James Leroy Wilson's one-man magazine.

Tuesday, May 06, 2008

Who Are the Bad Guys?

I saw The Bourne Ultimatum last night.

Often in a movie like this, when the bad guy is a government official, he is usually a) a twit, or b) someone who knows he's evil and is proud of it. David Straithairn, however, is the kind of actor who doesn't let his character become a caricature. I've said it before, but the great actors in supporting roles are the ones whose characters don't know they're a supporting character in somebody else's movie. Straithairn acts as if he's the hero and good guy trying to chase down a national security threat.

And that's probably more true-to-life. When someone is a) given near-absolute power; b) actually believes absolute power is necessary, then c) he will justify "extreme measures" to himself and will break the law. The "rogue" and "black-ops" portions of the U.S. "national security" apparatus think they're the good guys. If the JFK assassination and 9/11 were inside jobs, the guilty parties believe what they did "had to be done."
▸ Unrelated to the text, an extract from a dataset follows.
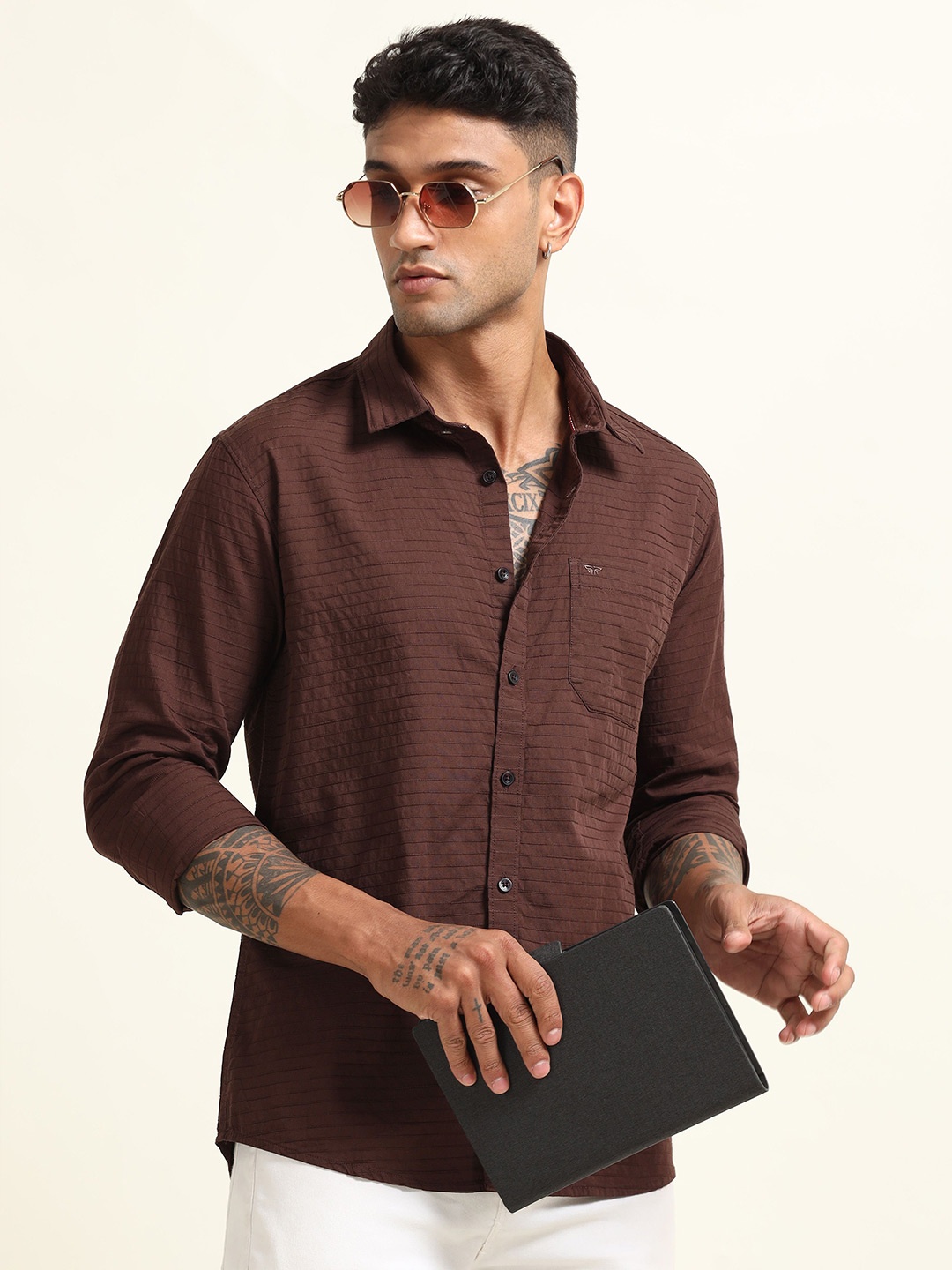 

RIGS AND RAGS Men Original Spread Collar Textured Cotton Casual Shirt, Maroon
It's really the same mentality that, in the 2000 election, seemingly drove Democratic election judges to count spoiled ballots, and Republican election judges to dis-enfranchise eligible voters. It's what drives legislators to attack free speech and abolish third parties.

The ends justify the means, especially if they can be sanctimoniously decorated with phrases like "national security" or "clean politics." The bad guys persuade themselves that they're the good guys while they persecute the innocent.

A similar racket goes on with economic protectionism. Lobbyists for the American Society of Interior Designers, for instance, probably don't realize they're the bad guys when they try to impose regulations and licensing in their industry. They've probably persuaded themselves that what is good for themselves is good for America. And that's true of everyone who seeks legislation to drive out economic competitors. They'll use phrases like "public health" and "safety." They'll accuse opponents of regulation as greedy. They'll claim that without regulations, people will buy snake oil. But the real reason marijuana and industrial hemp are illegal is that, if legal, the price of countless drugs and other products would fall drastically. Real greed is using the force of law to drive out your competition, allowing you to raise prices. And the most effective snake-oil salesmen are the ones who persuade the government to purchase and mandate their snake oil - such as ethanol.

A "bad guy" is one who cheers when the State knowingly harms the innocent. But they will forever persuade themselves that the innocent are not really innocent, or they're not really harmed, or it's necessary for the overall good.

I don't think it's paranoid to say that there are bad guys all around us.